Mais relisons d’abord ce récit, cette fois-ci dans l’Évangile selon Marc, au chapitre 9, sans oublier qu’il est aussi rapporté par l’évangéliste Luc, au chapitre neuvième: “Six jours après, Jésus prit avec lui Pierre, Jacques et Jean, et il les conduisit seuls à l’écart sur une haute montagne. Il fut transfiguré devant eux: ses vêtements devinrent resplendissants et d’une telle blancheur qu’il n’est pas de blanchisseur sur terre qui puisse blanchir ainsi. Élie et Moïse leur apparurent; ils s’entretenaient avec Jésus.
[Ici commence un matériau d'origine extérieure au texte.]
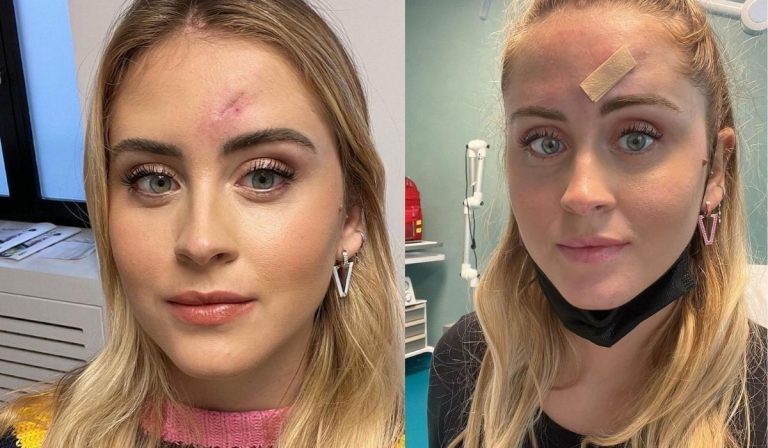 Valentina Ferragni cicatrice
Pierre prit la parole et dit: Rabbi, il est bon que nous soyons ici; dressons trois tentes, une pour toi, une pour Moïse et une pour Élie. Il ne savait que dire, car l’effroi les avait saisis. Une nuée vint les envelopper, et de la nuée sortit une voix: Celui-ci est mon fils bien-aimé, écoutez-le. Aussitôt les disciples regardèrent à l’entour, mais ils ne virent plus personne que Jésus seul avec eux. Comme ils descendaient de la montagne, Jésus leur recommanda de ne raconter à personne ce qu’ils avaient vu, jusqu’à ce que le Fils de l’homme soit ressuscité d’entre les morts. Ils retinrent cette parole, tout en discutant entre eux: Qu’est-ce que ressusciter d’entre les morts? Les disciples lui posèrent cette question: Pourquoi les scribes disent-ils: il faut qu’Élie vienne d’abord? Il leur répondit: Élie vient d’abord et rétablit toutes choses. Comment est-il écrit du Fils de l’homme qu’il doit souffrir beaucoup et être méprisé? Mais je vous dis qu’Élie est venu et qu’ils l’ont traité comme ils l’ont voulu, selon ce qu’il est écrit de lui.”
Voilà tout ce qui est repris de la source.